While the Mahdi Army has not officially renounced its six-month ceasefire, which has been a key component in the recent security gains, on the ground its fighters were chasing police and soldiers from their positions across Baghdad.
You don’t need me to tell you that Dubya thinks things are going fine, even as U.S. staff in the ever-more-ironically named Green Zone are ordered to take cover ("We strongly recommend personnel do not sleep in their trailers") to avoid nearly continuous mortar fire.
Meanwhile, the Washington Post reports on a similar bull-versus-china-shop approach in Pakistan:
The United States has escalated its unilateral strikes against al-Qaeda members and fighters operating in Pakistan’s tribal areas, partly because of anxieties that Pakistan’s new leaders will insist on scaling back military operations in that country, according to U.S. officials.
Washington is worried that pro-Western President Pervez Musharraf, who has generally supported the U.S. strikes, will almost certainly have reduced powers in the months ahead, and so it wants to inflict as much damage as it can to al-Qaeda’s network now, the officials said.
. . . A senior U.S. official called it a "shake the tree" strategy. It has not been without controversy, others said. Some military officers have privately cautioned that airstrikes alone — without more U.S. special forces soldiers on the ground in the region — are unlikely to net the top al-Qaeda leaders.

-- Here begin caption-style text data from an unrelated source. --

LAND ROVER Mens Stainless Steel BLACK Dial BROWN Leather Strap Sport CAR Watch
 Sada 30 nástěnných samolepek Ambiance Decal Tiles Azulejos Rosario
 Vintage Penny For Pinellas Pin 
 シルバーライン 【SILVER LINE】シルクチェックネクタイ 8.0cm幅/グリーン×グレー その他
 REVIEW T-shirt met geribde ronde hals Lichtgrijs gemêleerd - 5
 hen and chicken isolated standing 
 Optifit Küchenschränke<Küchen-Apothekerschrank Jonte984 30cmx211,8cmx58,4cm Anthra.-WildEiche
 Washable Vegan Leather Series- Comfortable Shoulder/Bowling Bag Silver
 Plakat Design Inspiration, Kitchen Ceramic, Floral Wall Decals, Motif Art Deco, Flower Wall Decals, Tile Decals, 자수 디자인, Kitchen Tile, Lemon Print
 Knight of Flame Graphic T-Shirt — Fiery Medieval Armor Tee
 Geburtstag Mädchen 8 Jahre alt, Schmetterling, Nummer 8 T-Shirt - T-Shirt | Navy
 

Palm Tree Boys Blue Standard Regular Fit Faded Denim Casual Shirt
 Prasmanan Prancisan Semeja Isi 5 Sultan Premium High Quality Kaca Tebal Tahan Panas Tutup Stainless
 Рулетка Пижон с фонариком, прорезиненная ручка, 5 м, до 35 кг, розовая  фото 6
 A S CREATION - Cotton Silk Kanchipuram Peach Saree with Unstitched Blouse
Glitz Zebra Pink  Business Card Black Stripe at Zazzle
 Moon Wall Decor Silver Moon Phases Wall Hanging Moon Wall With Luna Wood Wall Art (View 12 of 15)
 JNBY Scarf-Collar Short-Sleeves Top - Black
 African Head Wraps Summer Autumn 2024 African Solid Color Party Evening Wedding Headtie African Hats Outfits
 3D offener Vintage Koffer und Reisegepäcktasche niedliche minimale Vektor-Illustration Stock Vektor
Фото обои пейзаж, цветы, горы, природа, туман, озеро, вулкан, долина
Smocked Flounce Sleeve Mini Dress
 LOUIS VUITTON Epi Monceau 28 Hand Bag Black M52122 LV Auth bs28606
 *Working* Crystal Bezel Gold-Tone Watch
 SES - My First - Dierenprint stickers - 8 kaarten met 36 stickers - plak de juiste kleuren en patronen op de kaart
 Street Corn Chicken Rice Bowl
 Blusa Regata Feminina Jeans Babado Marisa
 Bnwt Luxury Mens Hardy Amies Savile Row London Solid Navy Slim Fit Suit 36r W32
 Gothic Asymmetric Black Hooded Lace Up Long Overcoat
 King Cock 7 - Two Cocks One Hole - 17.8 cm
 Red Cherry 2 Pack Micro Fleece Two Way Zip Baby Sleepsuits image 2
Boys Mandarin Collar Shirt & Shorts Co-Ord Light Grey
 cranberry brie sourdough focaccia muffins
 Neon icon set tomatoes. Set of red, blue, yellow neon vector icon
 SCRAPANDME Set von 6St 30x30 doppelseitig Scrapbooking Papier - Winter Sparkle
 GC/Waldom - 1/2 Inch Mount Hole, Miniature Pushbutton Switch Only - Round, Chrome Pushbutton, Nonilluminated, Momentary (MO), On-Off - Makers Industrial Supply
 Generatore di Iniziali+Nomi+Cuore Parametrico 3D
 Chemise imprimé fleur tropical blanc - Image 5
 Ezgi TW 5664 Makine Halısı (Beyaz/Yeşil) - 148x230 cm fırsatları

Of course, a "shake the tree strategy" means there really isn’t a strategy — it’s just dropping some bombs to see what happens. But who needs strategy, I guess, when you’ve got remote-controlled missiles? And for those of you
with open eyes who keep your tinfoil hats close at hand, there’s always the likelihood possibility that Dubya isn’t done dealing out the carnage just yet, if this report from the German Press Agency (via the King of Zembla) is accurate:
The Saudi Shura council will secretly discuss national plans to deal with any sudden nuclear and radioactive hazards that may affect the kingdom following experts’ warnings of possible attacks on Iran’s Bushehr nuclear reactors, media reports said Saturday.
The Saudi-based King Abdul-Aziz City for Science and Technology has prepared a proposal that encapsulates the probabilities of leaking nuclear and radiation hazards in case of any unexpected nuclear attacks in Iran, the Okaz Saudi newspaper said.
As Chris Floyd notes, this news broke just after Dick Cheney paid a social call on
his masters our allies in Riyadh. If anyone needs me, I’ll be hiding under the bed.